LA School District Accounts Appear on Dark Web Before AttackHacked Accounts May Have Made District an Easy Ransomware Target
The Labor Day weekend ransomware incident at Los Angeles Unified School District is drawing serious attention from the U.S. government, a move that signals growing concern with mostly Russia-based cybercriminals striking soft targets with file-encrypting malware.
See Also: 2022 Unit 42 Incident Response Report
Six FBI special agents and other agencies are helping LAUSB deal with the incident, says Superintendent Alberto Carvalho in a news release on Tuesday. The district says it called on the U.S. government after the attack, and the White House dispatched agencies to help with incident response.
In addition to the FBI, the other agencies include the Department of Education and the Department of Homeland Security's Cybersecurity and Infrastructure Security Agency. Local law enforcement is also helping, the district said.
Officials have not said what led to the ransomware attack, but Information Security Media Group has learned that in the months leading up to the attack, login credentials for accounts within the school district's network were offered on the dark web.
At least 23 sets of login credentials belonging to people working for and with the district were exposed, according to a source who wished to remain anonymous. The information included usernames - which were email addresses with the suffix "@lausd.net" - and passwords. Many of the passwords were simple, such as "frenchfries" plus a number.
At least one set of credentials unlocked an account for the district's virtual private network service. VPNs are often used to secure access to network resources, but those VPN accounts can be vulnerable to takeover. Ransomware actors often seek access to VPNs as a step to navigating to other key network resources and eventually install ransomware.
LAUSD officials said they had no comment.
There are indications that some LAUSD users have multifactor authentication on their accounts. MFA usually involves entering a time-sensitive code in addition to a login and password. It's a good way to stop cybercriminals who have managed to capture usernames and passwords.

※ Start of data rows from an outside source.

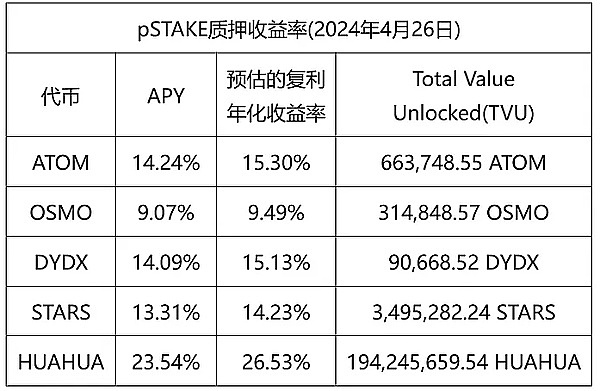 LUNC价格上演过山车行情：监管利空突袭，社区能否力挽狂澜？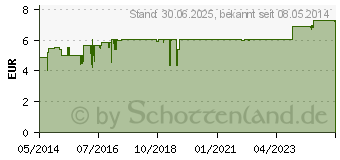 Preistrend fr LAVENDEL L fein kbA therisch (00720585)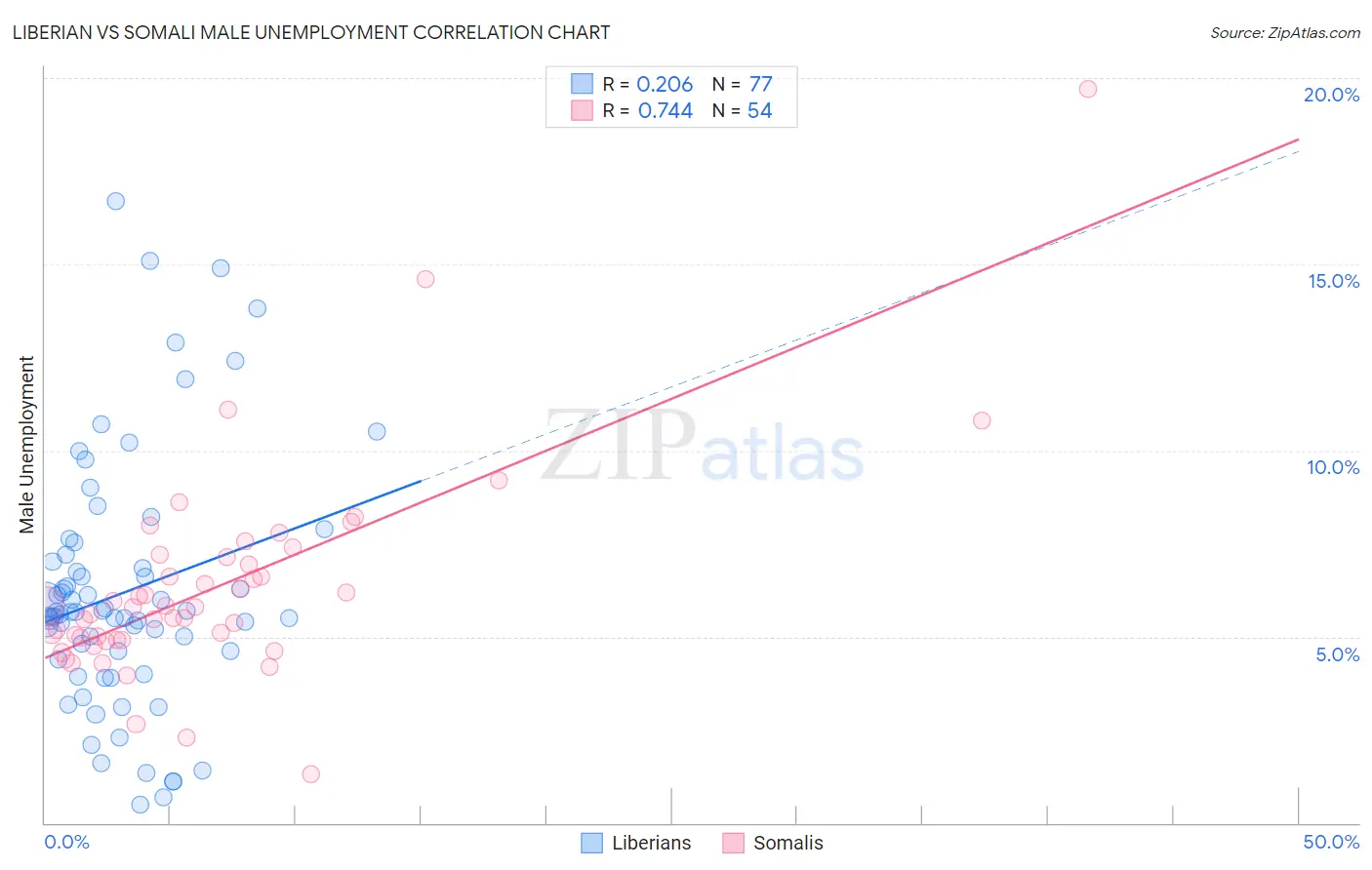 Liberian vs Somali Male Unemployment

LAUSD was in the process of a large-scale MFA rollout. It plans to make MFA mandatory starting on Sept. 12 for some access scenarios. The requirement would apply to employees and contractors accessing its systems from external networks, such as home or public wi-fi.
Users could either use Microsoft Authenticator app to get the code, or obtain the code via SMS message or a phone call, according to a document on its website. The district recommends using the mobile Microsoft Authenticator mobile app, which will send a push notification to a user’s device that the user can tap to approve the login. That’s a more secure way to receive the code rather than over SMS.

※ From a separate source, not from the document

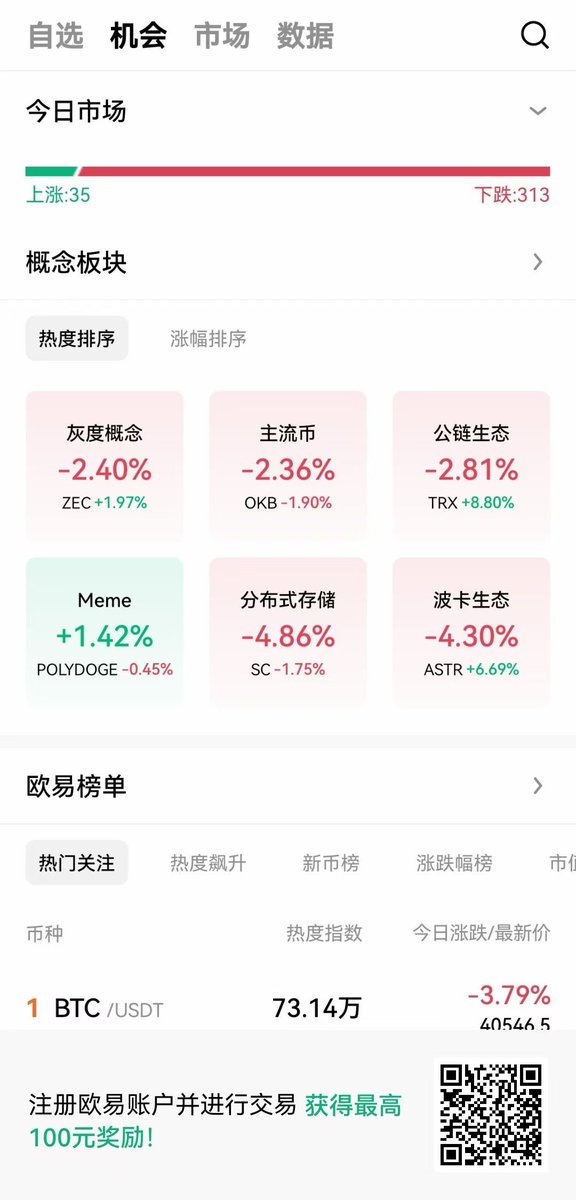 这样看，是不是还是MEME(土狗)币有前景？真心希望ok链能和社区一起，打造出一些明星币项目 <a href="/okx/">OKX</a>  @Jay_OKX <a href="/okxchinese/">OKX中文</a> <a href="/Cryptosis9_OKX/">九妹-OKX</a> <a href="/jessyuer/">Jessica.Z @OKX</a> <a href="/OKXChain_News/">ZC支持支持</a>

But MFA may not have protected the district in this case. It is possible that the district computers where the compromised accounts were used are infected with malware or botnet code that was missed by security software. That means the cybercriminals already have persistent access to machines on the network regardless if MFA is enabled with login credentials.

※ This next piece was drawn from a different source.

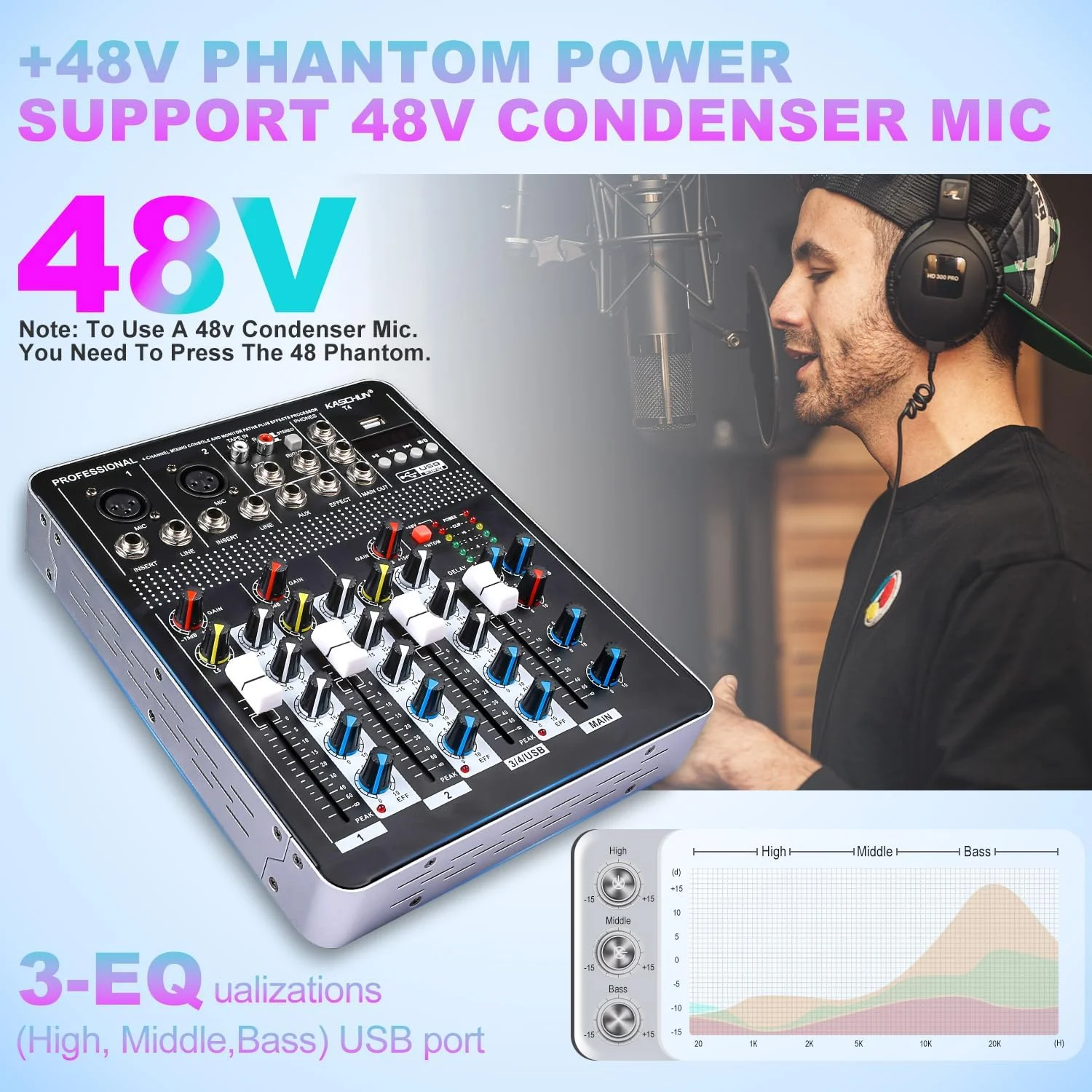 میکسر صدای دیجیتال 4 کانال T4 با فانتوم پاور 48 ولت، ورودی USB/MP3 و افکتهای ریورب برای ضبط کامپیوتر، مهمانیها و عروسیها میکسر صدای دیجیتال 4 کانال T4 با فانتوم پاور 48 ولت، ورودی USB/MP3 و افکتهای ریورب برای ضبط کامپیوتر، مهمانیها و عروسیها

Districtwide Password Reset
On Tuesday, the district said it had launched a networkwide password reset. The reset had some initial hiccups, and the district tried to manage the resets in stages throughout Tuesday morning. Carvalho said by late Tuesday that the difficulties had been overcome and more than 53,000 student and employee passwords had been reset. Microsoft was helping, Carvalho said.
The district, which is the second largest in the United States, says it swiftly moved to mitigate disruptions to email, computer systems and applications. It also says that critical business systems, including employee healthcare and payroll, were not affected, nor were school safety or emergency mechanisms.
Carvalho tweeted that the district's IT department was able to get the My Integrated Student Information System, or MiSiS, running in just two hours.
MiSiS is a critical software system, tracking student attendance, enrollment, grades, scheduling, transportation and testing among many other functions. The software evolved over many years but took shape under its current name around 2012, according to the district's website. LAUSD describes MiSiS as "the largest and most complex student data system in the United States."
The restoration of that system in just two hours means the district probably has a good backup and restoration regime, which would be critical to bouncing back after a ransomware attack.
.@LASchools ITD restored MiSiS in 2 hours and our systems are now supporting digital attendance reporting. Our teams are working quickly to normalize all functions Districtwide. pic.twitter.com/NFFdDp4vWD— Alberto M. Carvalho (@LAUSDSup) September 6, 2022
Attack Group: Vice Society?
No information was released about which ransomware group struck the district. But CISA issued an advisory on Tuesday about the Vice Society ransomware gang.
"Vice Society uses ransomware attacks against the education sector to gain access to, and threaten exposure of, sensitive personal information regarding students and staff for financial gain," according to the advisory, issued by CISA, the FBI and the Multi-State Information Sharing and Analysis Center.
The ransomware group's demand is unclear. District officials have not yet commented on whether the group has stolen the personal information of students.
Ransomware groups often steal sensitive data prior to launching their encrypting malware. That way, they have two levers with which to demand a ransom: hampering access to data and threatening to release personal data publicly. The technique is known as double extortion.
Some parents already were expressing concern that the data of their children might be at risk. One parent wrote on Facebook that her son's high school had requested his birth certificate and her identification upon enrollment.
"We all deserve to know what info these hackers now have," she wrote.